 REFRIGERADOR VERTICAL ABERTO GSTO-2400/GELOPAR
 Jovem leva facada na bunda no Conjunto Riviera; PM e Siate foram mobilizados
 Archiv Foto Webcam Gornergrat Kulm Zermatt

*DIRECTIONS*: Type the whole listing again, unaltered.

*EXERCISE RESPONSE*:
 REFRIGERADOR VERTICAL ABERTO GSTO-2400/GELOPAR
 Jovem leva facada na bunda no Conjunto Riviera; PM e Siate foram mobilizados
 Archiv Foto Webcam Gornergrat Kulm Zermatt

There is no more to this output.